As per our current Database, Janet Munro has been died on 6 December 1972(1972-12-06) (aged 38)\nLondon, England.
When Janet Munro die, Janet Munro was 38 years old.
Popular As | Janet Munro |
Occupation | Actress |
Age | 38 years old |
Zodiac Sign | Libra |
Born | September 28, 1934 ( Blackpool, Lancashire, England, United Kingdom) |
Birthday | September 28 |
Town/City | Blackpool, Lancashire, England, United Kingdom |
Nationality | United Kingdom |
Janet Munro’s zodiac sign is Libra. According to astrologers, People born under the sign of Libra are peaceful, fair, and they hate being alone. Partnership is very important for them, as their mirror and someone giving them the ability to be the mirror themselves. These individuals are fascinated by balance and symmetry, they are in a constant chase for justice and equality, realizing through life that the only thing that should be truly important to themselves in their own inner core of personality. This is someone ready to do nearly anything to avoid conflict, keeping the peace whenever possible
Janet Munro was born in the Year of the Dog. Those born under the Chinese Zodiac sign of the Dog are loyal, faithful, honest, distrustful, often guilty of telling white lies, temperamental, prone to mood swings, dogmatic, and sensitive. Dogs excel in business but have trouble finding mates.
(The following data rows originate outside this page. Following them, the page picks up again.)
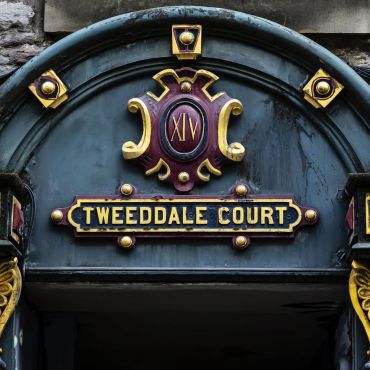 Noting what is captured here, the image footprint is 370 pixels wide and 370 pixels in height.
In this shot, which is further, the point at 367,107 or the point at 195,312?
the point at 195,312

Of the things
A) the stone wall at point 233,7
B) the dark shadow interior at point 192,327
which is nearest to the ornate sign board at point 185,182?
the dark shadow interior at point 192,327

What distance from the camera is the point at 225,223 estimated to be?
685 cm

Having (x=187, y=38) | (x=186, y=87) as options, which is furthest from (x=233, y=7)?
(x=186, y=87)

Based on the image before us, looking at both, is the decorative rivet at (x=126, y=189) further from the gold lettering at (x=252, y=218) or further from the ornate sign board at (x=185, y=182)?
the gold lettering at (x=252, y=218)

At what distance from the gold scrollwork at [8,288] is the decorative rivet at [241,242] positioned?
3.09 ft

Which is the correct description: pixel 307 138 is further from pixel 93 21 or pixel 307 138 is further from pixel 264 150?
pixel 93 21

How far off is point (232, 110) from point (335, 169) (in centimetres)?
52

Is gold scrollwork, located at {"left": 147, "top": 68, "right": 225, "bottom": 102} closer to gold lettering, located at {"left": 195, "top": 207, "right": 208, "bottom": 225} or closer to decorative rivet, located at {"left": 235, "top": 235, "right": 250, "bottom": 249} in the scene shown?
gold lettering, located at {"left": 195, "top": 207, "right": 208, "bottom": 225}

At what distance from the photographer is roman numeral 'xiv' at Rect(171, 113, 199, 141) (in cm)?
695

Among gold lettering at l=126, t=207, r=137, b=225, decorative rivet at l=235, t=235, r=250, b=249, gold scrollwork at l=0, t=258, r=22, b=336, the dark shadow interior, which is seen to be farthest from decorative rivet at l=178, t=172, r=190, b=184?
gold scrollwork at l=0, t=258, r=22, b=336

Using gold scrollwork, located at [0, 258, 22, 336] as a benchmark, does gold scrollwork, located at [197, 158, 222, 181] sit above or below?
above

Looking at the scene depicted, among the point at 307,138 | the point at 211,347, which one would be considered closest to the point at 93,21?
the point at 307,138

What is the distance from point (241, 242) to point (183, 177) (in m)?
0.39

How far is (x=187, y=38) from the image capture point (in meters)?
7.00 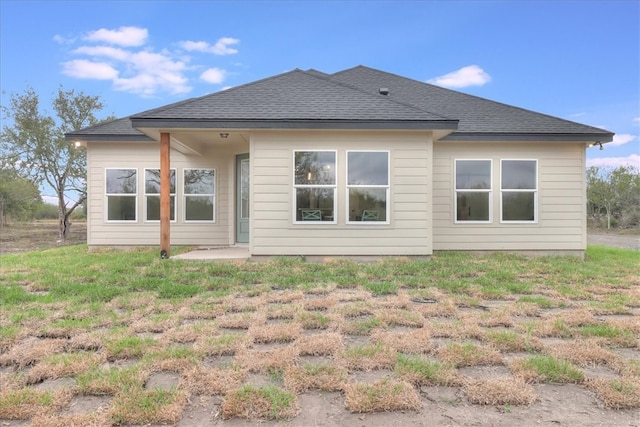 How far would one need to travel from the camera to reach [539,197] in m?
8.91

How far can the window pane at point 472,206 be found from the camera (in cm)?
904

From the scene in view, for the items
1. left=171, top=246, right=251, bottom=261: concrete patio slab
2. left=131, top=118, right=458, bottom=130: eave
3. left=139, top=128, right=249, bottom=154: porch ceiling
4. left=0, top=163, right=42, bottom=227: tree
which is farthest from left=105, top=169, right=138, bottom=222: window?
left=0, top=163, right=42, bottom=227: tree

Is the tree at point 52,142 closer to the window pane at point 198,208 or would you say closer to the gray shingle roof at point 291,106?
the window pane at point 198,208

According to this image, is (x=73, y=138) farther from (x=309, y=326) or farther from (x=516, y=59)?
(x=516, y=59)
Compatible with Tiger or Horse.
British Academy Film Awards
Golden Globe Award
Born Janet Neilson Horsburgh, the daughter of Scottish Comedian Alex Munro (real name Alexander Neilson Horsburgh) and his wife, Phyllis Robert Shaw, in Blackpool, Lancashire in 1934, she used her father's stage name professionally.
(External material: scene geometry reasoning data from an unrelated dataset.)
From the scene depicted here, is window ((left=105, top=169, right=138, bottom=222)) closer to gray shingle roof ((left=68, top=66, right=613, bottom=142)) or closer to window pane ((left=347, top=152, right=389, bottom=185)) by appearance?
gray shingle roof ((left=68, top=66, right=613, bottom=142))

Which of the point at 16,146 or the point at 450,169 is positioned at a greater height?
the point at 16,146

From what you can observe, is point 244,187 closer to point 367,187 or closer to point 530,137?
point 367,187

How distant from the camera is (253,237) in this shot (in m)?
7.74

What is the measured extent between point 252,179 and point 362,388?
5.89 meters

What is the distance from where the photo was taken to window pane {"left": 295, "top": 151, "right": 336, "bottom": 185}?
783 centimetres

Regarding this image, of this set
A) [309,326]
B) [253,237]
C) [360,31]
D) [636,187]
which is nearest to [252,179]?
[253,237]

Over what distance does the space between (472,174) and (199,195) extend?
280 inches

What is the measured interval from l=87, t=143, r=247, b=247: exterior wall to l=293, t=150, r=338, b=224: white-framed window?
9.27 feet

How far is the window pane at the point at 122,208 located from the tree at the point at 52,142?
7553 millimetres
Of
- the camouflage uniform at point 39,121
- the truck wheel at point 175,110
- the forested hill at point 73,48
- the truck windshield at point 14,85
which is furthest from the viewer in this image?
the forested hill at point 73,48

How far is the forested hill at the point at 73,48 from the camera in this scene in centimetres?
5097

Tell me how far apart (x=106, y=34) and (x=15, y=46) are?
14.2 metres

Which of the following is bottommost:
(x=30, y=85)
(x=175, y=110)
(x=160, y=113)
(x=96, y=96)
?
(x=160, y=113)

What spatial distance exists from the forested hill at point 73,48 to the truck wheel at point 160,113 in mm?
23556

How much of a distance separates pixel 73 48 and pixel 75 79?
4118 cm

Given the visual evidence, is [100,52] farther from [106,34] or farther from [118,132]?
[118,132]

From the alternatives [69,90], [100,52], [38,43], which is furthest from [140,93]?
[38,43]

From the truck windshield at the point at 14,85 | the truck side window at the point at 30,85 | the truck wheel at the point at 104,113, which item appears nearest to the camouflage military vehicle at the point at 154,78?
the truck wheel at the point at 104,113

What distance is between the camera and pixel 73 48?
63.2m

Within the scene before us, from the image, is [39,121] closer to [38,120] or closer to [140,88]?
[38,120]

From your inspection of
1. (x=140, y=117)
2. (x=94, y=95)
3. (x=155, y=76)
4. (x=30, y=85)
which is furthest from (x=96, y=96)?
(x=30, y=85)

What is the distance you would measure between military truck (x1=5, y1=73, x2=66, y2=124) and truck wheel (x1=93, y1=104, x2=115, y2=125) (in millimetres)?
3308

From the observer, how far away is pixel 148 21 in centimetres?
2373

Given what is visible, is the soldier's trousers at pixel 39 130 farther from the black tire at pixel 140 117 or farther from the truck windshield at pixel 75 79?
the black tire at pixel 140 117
Munro appeared in a BBC TV adaptation of I Capture the Castle (1954), playing the lead part of Rose.
Munro was married to Tony Wright from 1956 until 1959. She married the actor Ian Hendry in 1963, and they had two children, Sally and Corrie. Munro and Hendry were divorced in 1971. Her cousin Ellie Nicol-Hilton was a child actor in 1970s and 1980s.
She had a small part in the Gordon Harker comedy Small Hotel (1957) and started appearing regularly on British TV shows such as ITV Television Playhouse ("One of Us", "Pickup Girl", "Lace on Her Petticoat") and Armchair Theatre ("Trial by Candlelight", "The Deaf Heart").
Munro could be seen in ingenue parts in The Trollenberg Terror (1958) and The Young and the Guilty (1958) and had the romantic lead in a TV adaptation of Berkeley Square (1959) for Hallmark Hall of Fame.
After playing Tommy Steele's love interest in Tommy the Toreador (1959), Munro made a third for Disney, Swiss Family Robinson (1960), again romancing MacArthur.
Munro was the female lead in the science fiction film The Day the Earth Caught Fire (1961), one of her best remembered parts.
She had a good role in Life for Ruth (1962) which earned her a BAFTA nomination for Best Female Actor.
She returned to Armchair Theatre ("Girl in a Bird Cage", "Afternoon of a Nymph") and was top billed in a film for the first time with Bitter Harvest (1963), but it was not a success.
Munro was the female lead in Hide and Seek (1964) and A Jolly Bad Fellow (1964).
Munro travelled to New York to star in a TV adaptation of The Admirable Crichton (1968).
Munro was in ITV Playhouse ("Premiere: Flower Dew"), and Cry Wolf (1969). She had the lead in a series, The Tenant of Wildfell Hall (1969).
Munro died from a heart attack caused by chronic ischaemic heart disease at Whittington Hospital, north London in 1972, aged 38 years. She was cremated and interred at the Golders Green Crematorium.